## Exploring Feit-Thompson data set with GamePad

You can use this Jupyter notebook to explore the Feit-Thompson data set extracted by TCoq. You will need to have successfully built TCoq, Mathcomponents, and Feit-Thompson, as well as have successfully generated a tactic tree pickle to use this notebook. In the first step, we can obtain some basic statistics of the data set.

In [None]:
from gamepad.exp_tactr_stats import *

# Change data/feit-tactr.log to where you saved <tactr.log>
stats, unique = load_tactr_stats("data/feit-tactr.log")
tactr_stats = TacTrStats(stats)
print("Unique constants:", unique['const'])
print("Unique inductive types:", unique['ind'])
print("Unique constructors:", unique['conid'])
_ = tactr_stats.descrip_tacs()
_ = tactr_stats.descrip_tacsts()
_ = tactr_stats.descrip_term()
_ = tactr_stats.descrip_deadend()
_ = tactr_stats.gather_have_info()

### Visualizing proof trees

We can begin by visualizing proof trees just to get a sense of what the raw data set looks like. Below, we have hardcoded an example file and lemma from the Feit-Thompson formalization.
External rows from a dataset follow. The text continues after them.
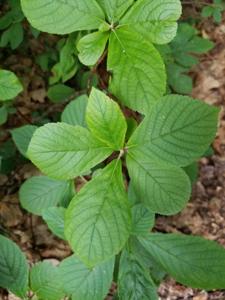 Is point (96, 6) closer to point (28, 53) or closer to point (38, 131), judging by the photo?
point (38, 131)

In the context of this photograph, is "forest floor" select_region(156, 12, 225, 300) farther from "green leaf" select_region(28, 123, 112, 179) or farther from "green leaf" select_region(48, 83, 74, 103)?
"green leaf" select_region(28, 123, 112, 179)

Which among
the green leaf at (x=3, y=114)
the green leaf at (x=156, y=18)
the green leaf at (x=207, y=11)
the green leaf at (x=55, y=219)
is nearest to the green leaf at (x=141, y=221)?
the green leaf at (x=55, y=219)

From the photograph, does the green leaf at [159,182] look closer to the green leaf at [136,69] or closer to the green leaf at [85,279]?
the green leaf at [136,69]

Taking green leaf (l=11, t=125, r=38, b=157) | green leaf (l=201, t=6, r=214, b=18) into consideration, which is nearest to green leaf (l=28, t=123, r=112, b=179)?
green leaf (l=11, t=125, r=38, b=157)

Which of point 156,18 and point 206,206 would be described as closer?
point 156,18

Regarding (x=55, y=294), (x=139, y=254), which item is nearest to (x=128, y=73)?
(x=139, y=254)

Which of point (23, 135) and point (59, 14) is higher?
point (59, 14)

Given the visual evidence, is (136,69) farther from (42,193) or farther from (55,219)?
(42,193)

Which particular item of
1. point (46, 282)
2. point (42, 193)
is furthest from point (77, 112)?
point (46, 282) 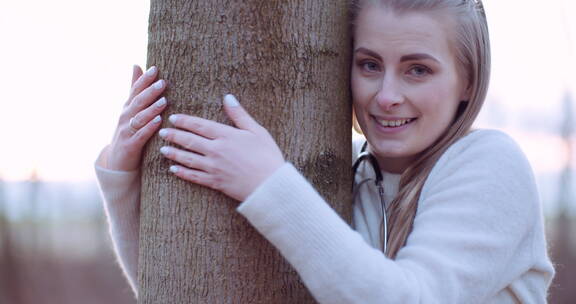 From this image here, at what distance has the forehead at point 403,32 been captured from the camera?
180 cm

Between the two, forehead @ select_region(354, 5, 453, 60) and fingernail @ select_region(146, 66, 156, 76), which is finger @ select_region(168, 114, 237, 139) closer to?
fingernail @ select_region(146, 66, 156, 76)

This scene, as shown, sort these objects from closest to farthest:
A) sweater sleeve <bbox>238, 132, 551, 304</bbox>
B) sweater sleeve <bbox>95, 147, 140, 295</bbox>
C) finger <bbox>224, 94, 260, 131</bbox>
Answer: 1. sweater sleeve <bbox>238, 132, 551, 304</bbox>
2. finger <bbox>224, 94, 260, 131</bbox>
3. sweater sleeve <bbox>95, 147, 140, 295</bbox>

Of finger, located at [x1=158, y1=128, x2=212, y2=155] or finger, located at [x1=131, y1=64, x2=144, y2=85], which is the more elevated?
finger, located at [x1=131, y1=64, x2=144, y2=85]

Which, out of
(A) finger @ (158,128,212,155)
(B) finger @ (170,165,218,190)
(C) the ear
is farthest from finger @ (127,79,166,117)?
(C) the ear

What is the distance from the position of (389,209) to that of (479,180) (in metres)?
0.36

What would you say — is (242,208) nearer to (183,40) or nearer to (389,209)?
(183,40)

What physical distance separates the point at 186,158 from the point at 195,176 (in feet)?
0.17

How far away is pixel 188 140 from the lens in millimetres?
1631

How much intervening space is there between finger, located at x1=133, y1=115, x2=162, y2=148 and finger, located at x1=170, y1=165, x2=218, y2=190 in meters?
0.14

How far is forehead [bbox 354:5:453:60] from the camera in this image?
180 cm

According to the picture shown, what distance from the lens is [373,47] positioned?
1.83 meters

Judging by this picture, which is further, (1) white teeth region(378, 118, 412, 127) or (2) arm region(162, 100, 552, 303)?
(1) white teeth region(378, 118, 412, 127)

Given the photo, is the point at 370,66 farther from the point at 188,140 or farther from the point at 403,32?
the point at 188,140

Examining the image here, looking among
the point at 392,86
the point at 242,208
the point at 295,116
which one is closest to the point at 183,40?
the point at 295,116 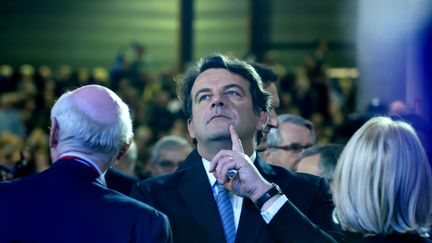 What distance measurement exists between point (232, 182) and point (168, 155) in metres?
4.15

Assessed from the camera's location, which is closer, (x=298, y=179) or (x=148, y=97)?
(x=298, y=179)

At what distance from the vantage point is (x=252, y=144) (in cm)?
456

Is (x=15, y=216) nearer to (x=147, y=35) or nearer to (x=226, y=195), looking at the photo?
(x=226, y=195)

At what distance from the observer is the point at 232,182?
408cm

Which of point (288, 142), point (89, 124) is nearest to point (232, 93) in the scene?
point (89, 124)

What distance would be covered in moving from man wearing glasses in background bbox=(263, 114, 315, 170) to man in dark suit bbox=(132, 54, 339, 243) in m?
2.24

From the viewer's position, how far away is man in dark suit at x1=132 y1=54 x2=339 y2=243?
404 centimetres

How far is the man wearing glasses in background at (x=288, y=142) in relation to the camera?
6910 mm

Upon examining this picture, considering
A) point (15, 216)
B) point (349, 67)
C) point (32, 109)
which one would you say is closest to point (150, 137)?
point (32, 109)

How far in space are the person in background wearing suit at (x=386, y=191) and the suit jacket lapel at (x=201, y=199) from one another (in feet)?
2.37

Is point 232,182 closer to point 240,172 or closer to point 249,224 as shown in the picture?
point 240,172

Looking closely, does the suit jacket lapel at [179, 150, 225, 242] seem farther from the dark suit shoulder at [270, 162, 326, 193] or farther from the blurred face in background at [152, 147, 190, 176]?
the blurred face in background at [152, 147, 190, 176]

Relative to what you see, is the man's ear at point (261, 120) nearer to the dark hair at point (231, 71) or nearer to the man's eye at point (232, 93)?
the dark hair at point (231, 71)

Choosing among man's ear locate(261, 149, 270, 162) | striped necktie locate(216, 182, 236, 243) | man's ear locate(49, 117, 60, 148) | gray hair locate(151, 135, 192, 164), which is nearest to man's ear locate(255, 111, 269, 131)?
striped necktie locate(216, 182, 236, 243) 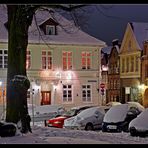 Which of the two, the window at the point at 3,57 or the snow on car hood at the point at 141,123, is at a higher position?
the window at the point at 3,57

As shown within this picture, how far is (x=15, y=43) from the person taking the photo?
1277cm

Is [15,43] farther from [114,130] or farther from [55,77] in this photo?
[55,77]

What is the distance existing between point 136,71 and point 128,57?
124 inches

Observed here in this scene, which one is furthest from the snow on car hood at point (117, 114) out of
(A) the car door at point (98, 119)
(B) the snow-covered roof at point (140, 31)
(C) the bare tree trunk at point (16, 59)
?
(B) the snow-covered roof at point (140, 31)

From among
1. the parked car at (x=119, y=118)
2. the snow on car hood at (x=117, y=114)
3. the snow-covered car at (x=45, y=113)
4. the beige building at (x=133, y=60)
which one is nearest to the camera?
the parked car at (x=119, y=118)

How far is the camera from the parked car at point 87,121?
20.7 metres

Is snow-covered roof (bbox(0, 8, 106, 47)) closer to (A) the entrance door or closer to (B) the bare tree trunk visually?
(A) the entrance door

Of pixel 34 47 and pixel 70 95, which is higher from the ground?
pixel 34 47

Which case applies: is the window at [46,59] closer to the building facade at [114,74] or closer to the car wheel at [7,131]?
the building facade at [114,74]

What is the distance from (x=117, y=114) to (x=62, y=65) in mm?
20575

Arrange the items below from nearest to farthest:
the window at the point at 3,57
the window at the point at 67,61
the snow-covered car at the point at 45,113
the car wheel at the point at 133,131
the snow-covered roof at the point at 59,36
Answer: the car wheel at the point at 133,131
the snow-covered car at the point at 45,113
the window at the point at 3,57
the snow-covered roof at the point at 59,36
the window at the point at 67,61

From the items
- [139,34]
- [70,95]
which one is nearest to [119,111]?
[70,95]

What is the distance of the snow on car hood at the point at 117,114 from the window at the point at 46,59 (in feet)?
64.3

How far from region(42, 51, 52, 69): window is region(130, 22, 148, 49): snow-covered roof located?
42.8ft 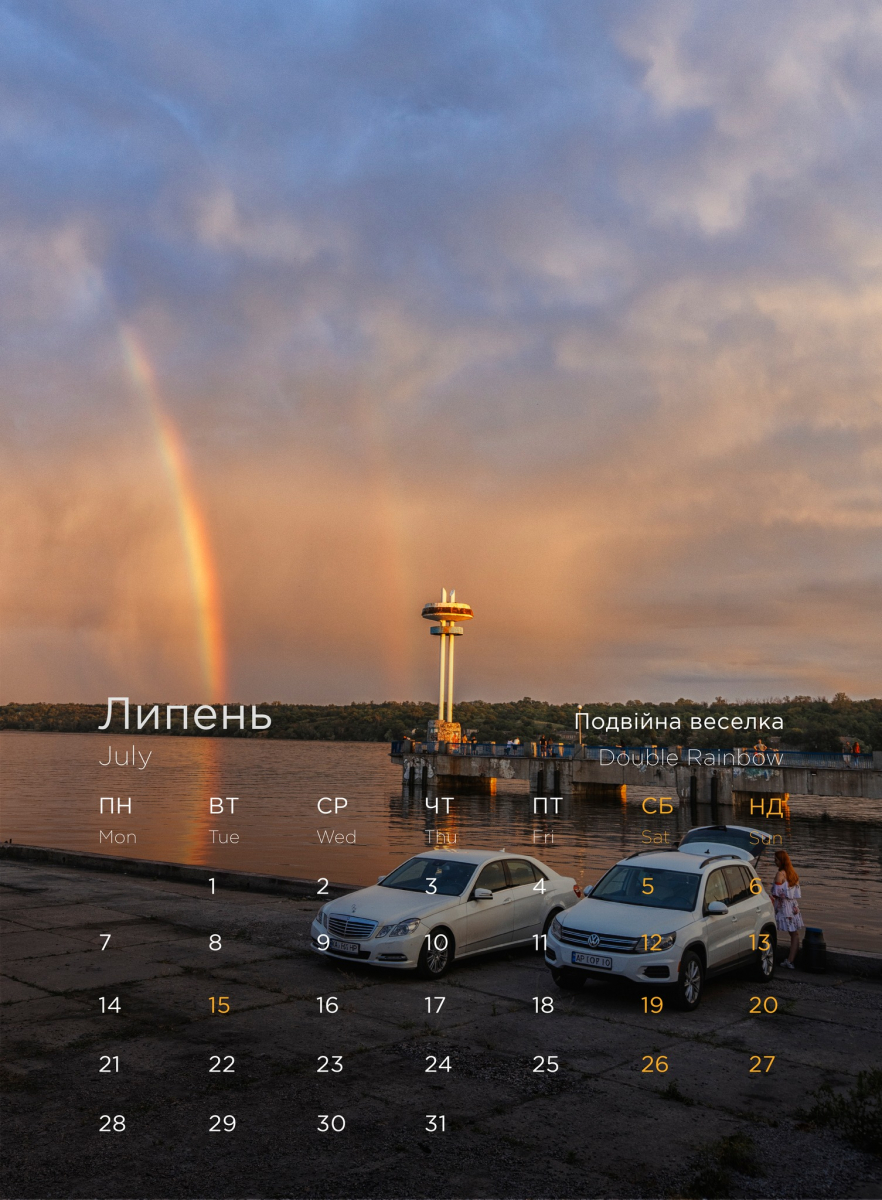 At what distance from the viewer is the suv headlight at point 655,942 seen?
1080 centimetres

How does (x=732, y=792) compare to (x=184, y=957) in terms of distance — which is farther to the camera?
(x=732, y=792)

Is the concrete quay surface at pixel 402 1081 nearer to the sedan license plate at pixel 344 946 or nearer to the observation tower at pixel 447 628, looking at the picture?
the sedan license plate at pixel 344 946

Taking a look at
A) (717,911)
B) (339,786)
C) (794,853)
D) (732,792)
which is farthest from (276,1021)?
(339,786)

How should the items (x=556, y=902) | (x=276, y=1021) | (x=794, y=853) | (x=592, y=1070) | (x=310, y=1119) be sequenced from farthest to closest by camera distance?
1. (x=794, y=853)
2. (x=556, y=902)
3. (x=276, y=1021)
4. (x=592, y=1070)
5. (x=310, y=1119)

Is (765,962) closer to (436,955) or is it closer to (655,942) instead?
(655,942)

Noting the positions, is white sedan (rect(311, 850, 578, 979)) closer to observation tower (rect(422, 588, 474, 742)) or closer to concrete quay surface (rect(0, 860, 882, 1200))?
concrete quay surface (rect(0, 860, 882, 1200))

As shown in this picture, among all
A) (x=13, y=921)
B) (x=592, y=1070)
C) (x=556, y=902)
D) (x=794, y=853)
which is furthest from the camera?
(x=794, y=853)

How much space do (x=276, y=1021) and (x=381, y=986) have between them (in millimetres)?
2003

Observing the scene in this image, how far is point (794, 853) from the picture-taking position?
150 ft

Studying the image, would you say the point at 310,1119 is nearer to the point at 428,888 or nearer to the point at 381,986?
the point at 381,986

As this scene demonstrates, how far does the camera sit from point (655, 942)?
35.5 feet

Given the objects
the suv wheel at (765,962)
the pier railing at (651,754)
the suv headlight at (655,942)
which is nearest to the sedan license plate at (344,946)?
the suv headlight at (655,942)

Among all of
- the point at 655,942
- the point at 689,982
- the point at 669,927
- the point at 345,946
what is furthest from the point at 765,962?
the point at 345,946

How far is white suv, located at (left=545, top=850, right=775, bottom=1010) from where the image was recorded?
10.9m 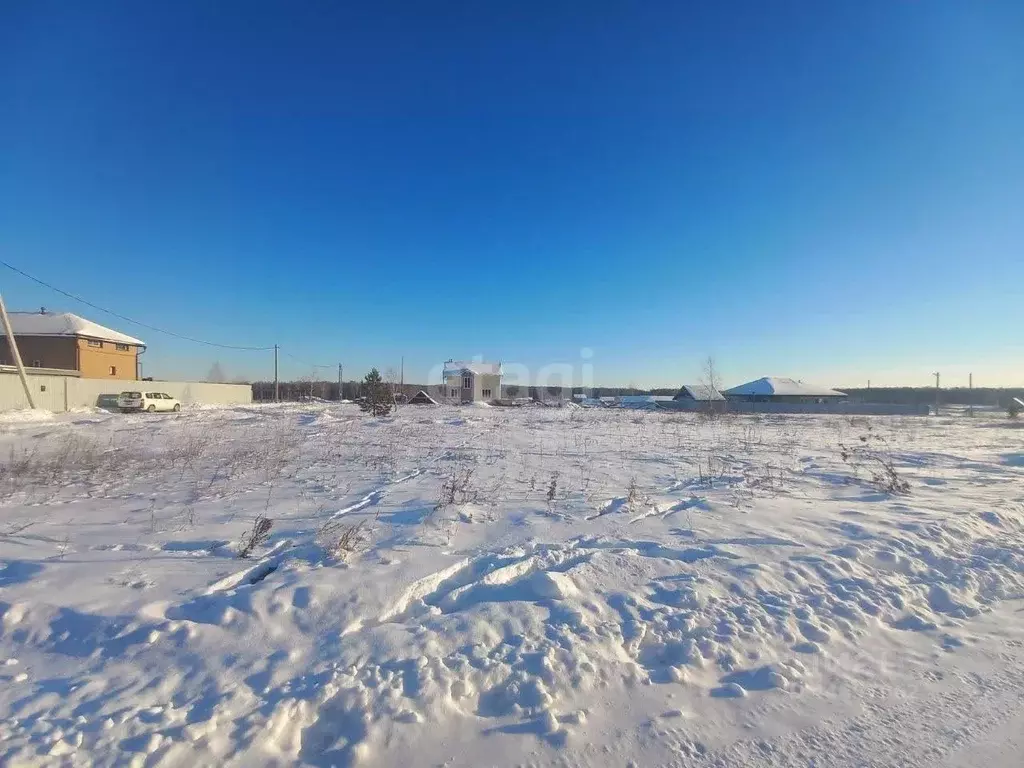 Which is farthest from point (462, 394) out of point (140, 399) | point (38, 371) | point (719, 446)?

You can mouse over the resulting graphic to see each node (proof state, consisting of context and goal) and each edge (tactic invocation) of the proof tree.

In [None]:
from gamepad.visualize import *

# Change me to target file of interest
file = "./data/odd-order/BGsection1.v.dump"
# Change me to target lemma of interest
tgtlem = "coprime_cent_prod"

vis = Visualize(f_display=True, f_jupyter=True, f_verbose=False)
tactr = vis.visualize_lemma(file, tgtlem)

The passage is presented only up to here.